Modern Data Architecture: Mine, Refine, & Turn Data Into Digital Gold

Just like the use of oil increased industrial transformation in the 20th century, data is fueling innovations in the 21st century. As leaders strive to transform their organizations, businesses leveraging data can help steer an enterprise in the right direction. Massive data (approximately 402 quintillion bytes of data are generated every day)1 comes from numerous sources, including finance, human resources, healthcare, retail, education, science, surveys, government, and IoT devices. This in-depth guide provides a detailed overview of the modern data architecture.
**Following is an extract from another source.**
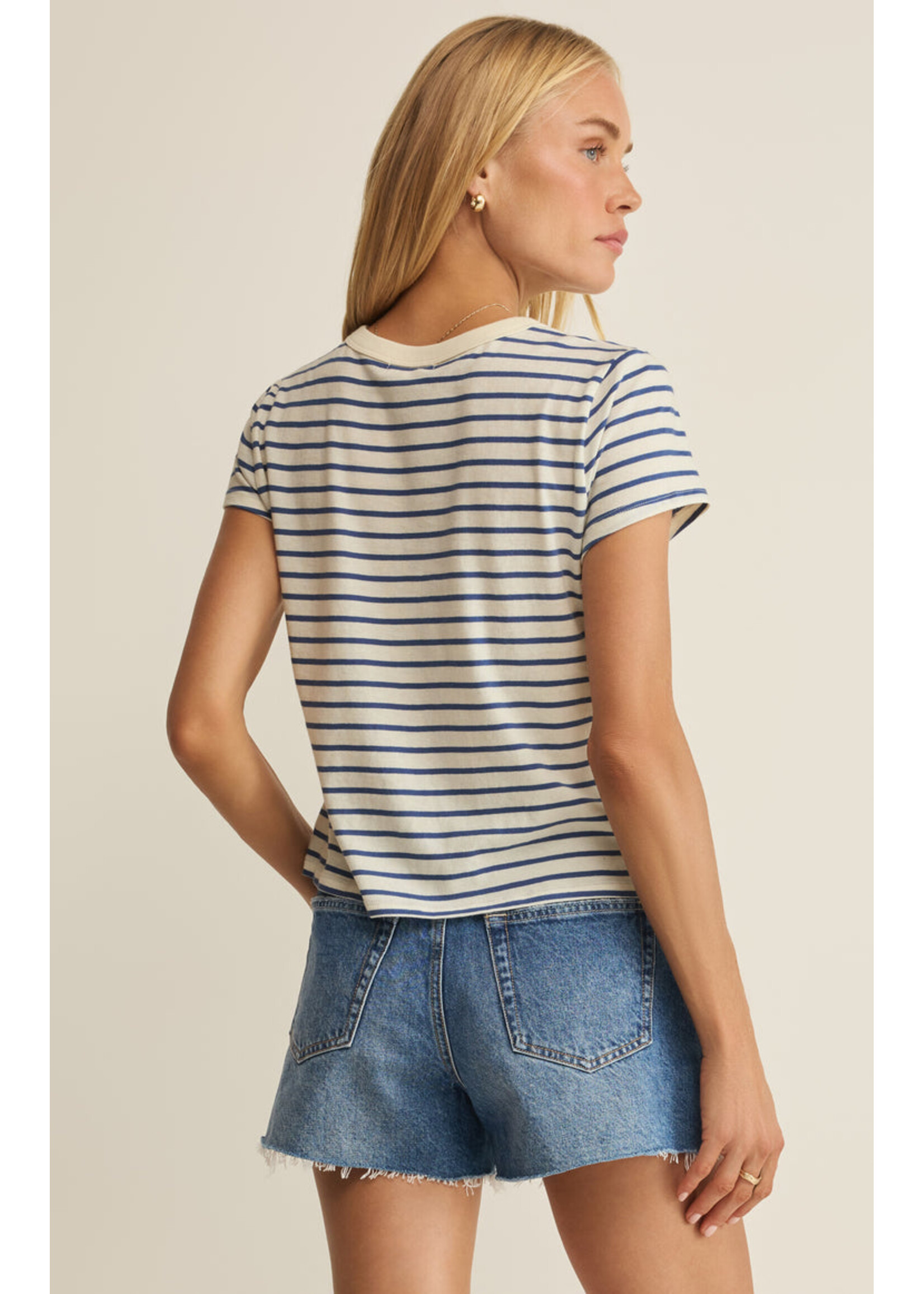 Z-Supply Z-Supply Junie Striped Tee - True Navy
Five Characteristics of Modern Data

Today’s modern data differs from “traditional” data in five areas:

Volume: The size of data sets is increasingly larger; units are now terabytes, petabytes, or exabytes.
Velocity: The speed at which data is generated is now faster. Data can be received every month, day, hour, minute, and second.
Variety: The sources of data are more numerous and varied than ever before, including various types of devices and systems, e.g., phones, vehicles, point-of-sale systems, social media, IoT devices, homegrown apps, etc. They can be structured data or unstructured data, like pictures or videos.
Veracity: This refers to the quality and reliability of data. It’s important to maintain quality output to help ensure data integrity.
Value: With data more diverse and detailed than ever before, businesses can unlock the full potential of their data to help enhance decision making, improve customer satisfaction, improve operational efficiency, and drive revenue growth.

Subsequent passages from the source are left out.